## BRIEF
For the listing below, the answer is an exact retyping of the lines from the one with "中美经济工作组举行第五次会议(图) 中美经济工作组举行第五次会议(图)" through the one with "Hoofdafbeelding Hyundai i20", both included, without pictures.

----- PROVIDED MATERIAL

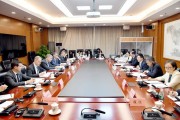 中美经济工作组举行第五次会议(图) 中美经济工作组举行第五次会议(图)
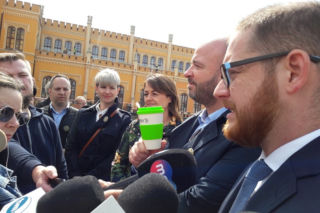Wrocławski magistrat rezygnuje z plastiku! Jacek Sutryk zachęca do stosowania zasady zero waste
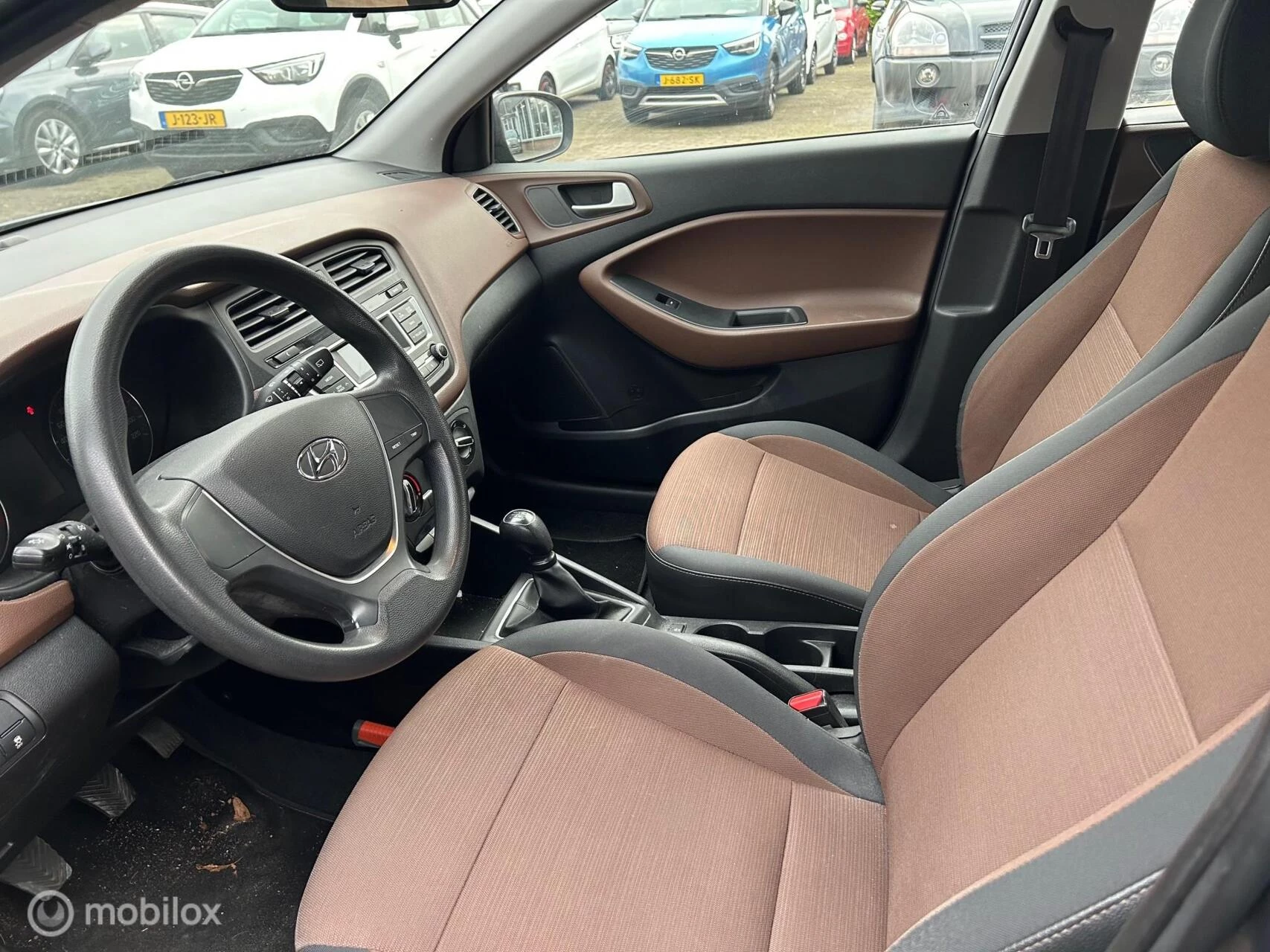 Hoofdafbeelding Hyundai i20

----------
----- PROVIDED MATERIAL

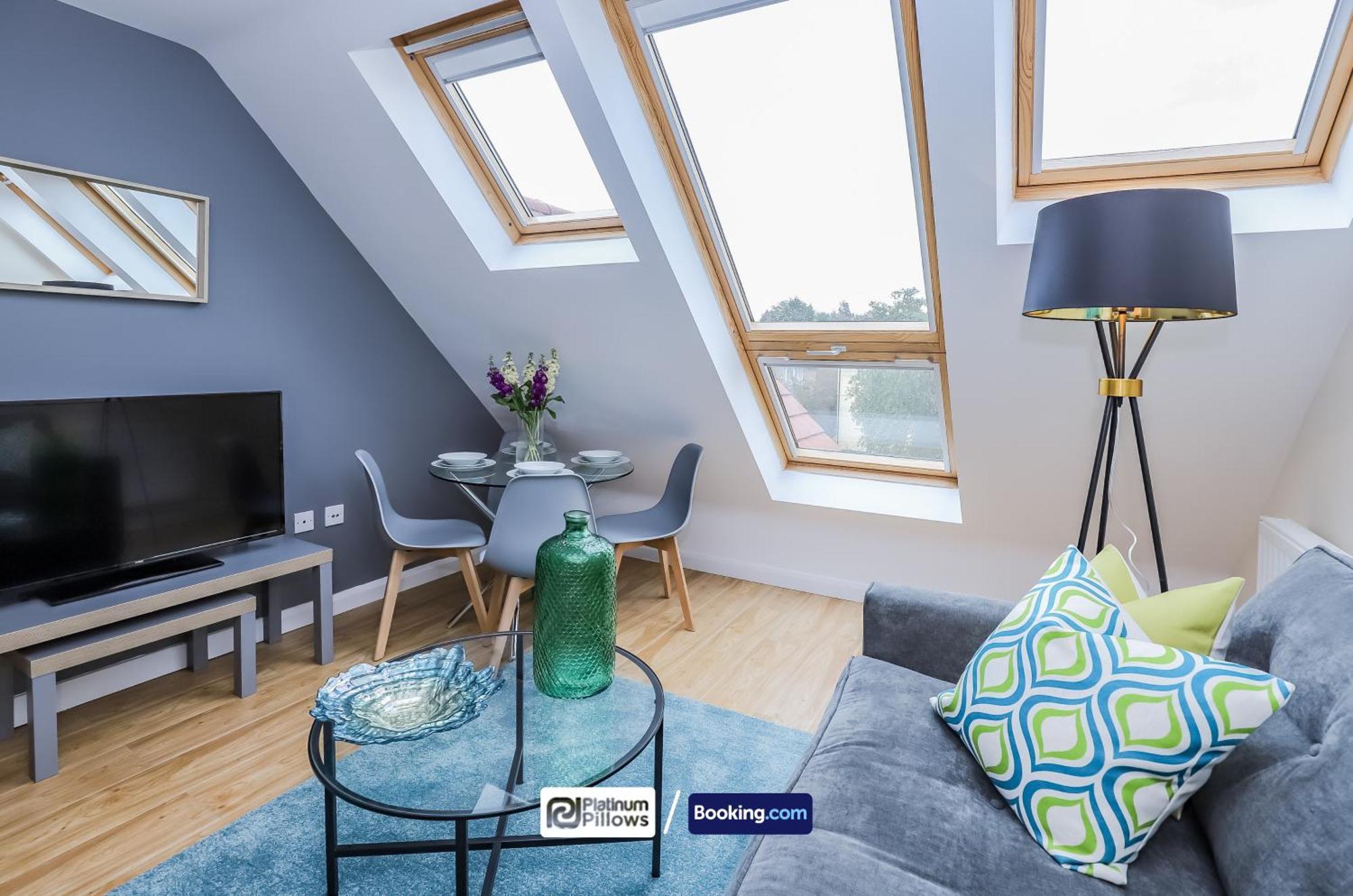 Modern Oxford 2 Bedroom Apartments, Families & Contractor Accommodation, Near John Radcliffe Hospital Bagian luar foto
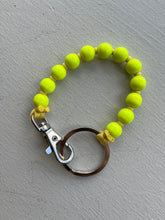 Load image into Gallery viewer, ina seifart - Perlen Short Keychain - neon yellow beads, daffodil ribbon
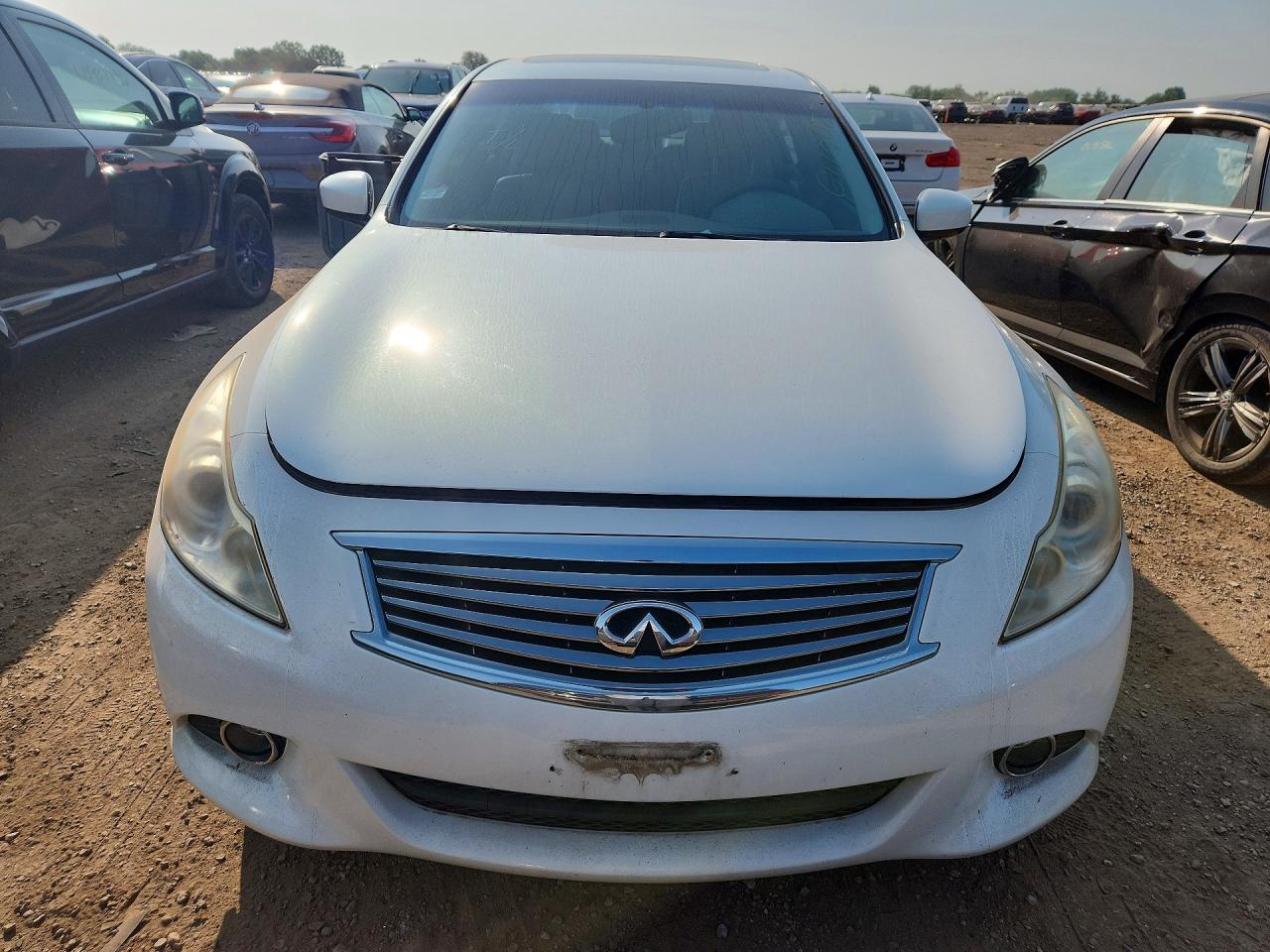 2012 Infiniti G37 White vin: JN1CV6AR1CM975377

----------

## TASK RESPONSE
 中美经济工作组举行第五次会议(图) 中美经济工作组举行第五次会议(图)
Wrocławski magistrat rezygnuje z plastiku! Jacek Sutryk zachęca do stosowania zasady zero waste
 Hoofdafbeelding Hyundai i20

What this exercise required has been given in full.